Ciò che rende speciale e ricercato questo film è soprattutto la magia della comunicazione, in un contesto sportivo dove paradossalmente ci si concentra e si mostra ben poco dello sport, del basket.

Tuttavia, si respira il mito, si vive assieme ai protagonisti l’energia di quel periodo e soprattutto l’entusiasmo del team Nike, consapevole del fatto di gestire un progetto epocale. Ben Affleck in tal senso, esalta una storia molto lineare, che manca di notevoli colpi di scena, ma che nonostante questo tiene incollati allo schermo facendoci vivere la rispolverata magia dell’American dream.
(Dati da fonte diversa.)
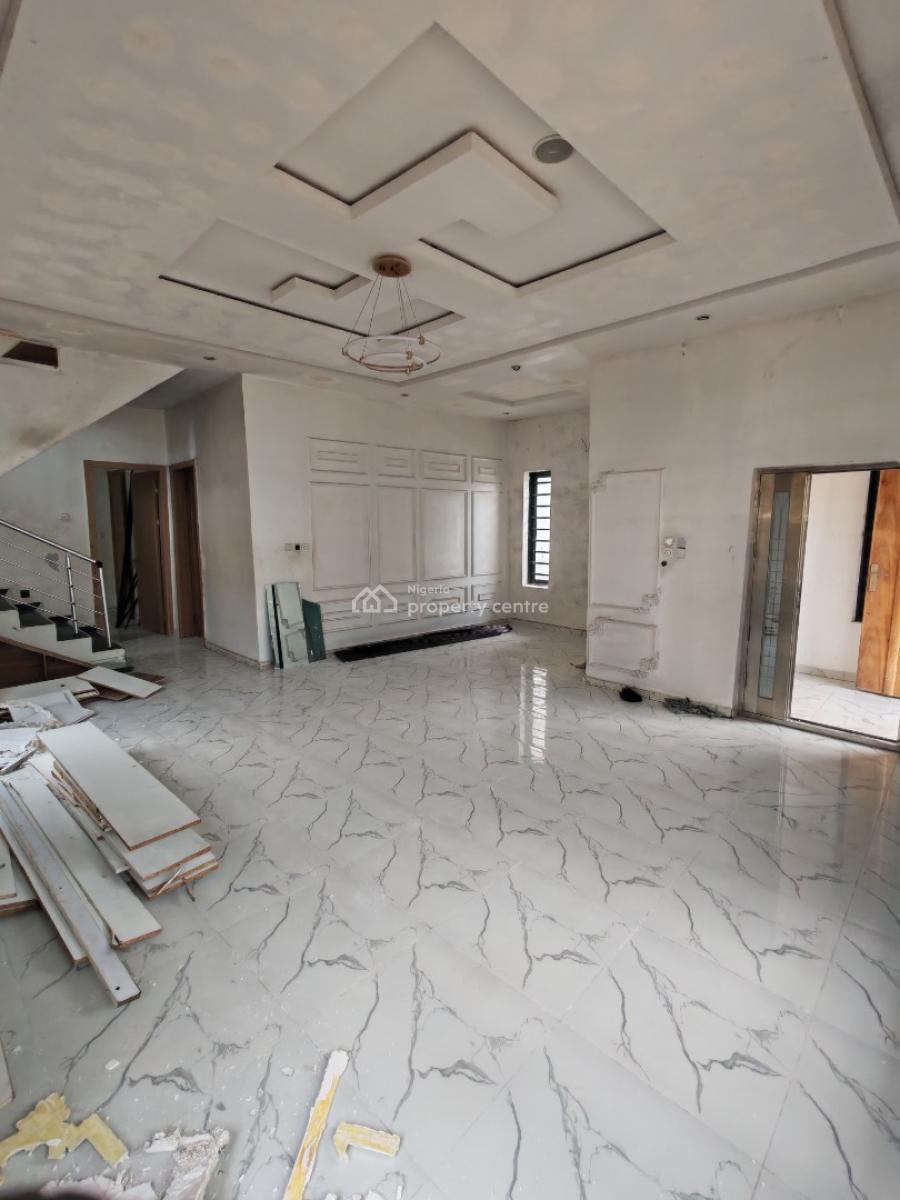 5bedroom Fully Detached House with Bq N Security House, Devine Home Thomas Estate, Ajah, Lagos, Detached Duplex for Rent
Perché il focus di Air è proprio il significato del sogno americano, incarnato nella scarpa che farà da spartiacque per il mondo del basket lanciando e rivendicando l’unicità. Da contraltare a questo tema c’è il file rouge rappresentato dall’ambizione a raggiungere i propri obiettivi, ad infrangere le regole se necessario, perché soltanto rischiando il tutto per tutto attraverso sacrificio e perseveranza si arriva ai grandi successi.

Contestualmente, il discorso di Sonny (interpretato da un indimenticabile Matt Damon), nella sezione finale del film, è uno dei momenti in assoluto più belli del racconto, entrando di diritto tra i monologhi più emozionanti del cinema americano. Una sceneggiatura forte e densa di dialoghi brillanti tiene le redini di un film che seppur contraddistinto dall’assenza di climax importanti, riesce ad essere ironico, scorrevole e bilanciato, privo di alcuna forzatura.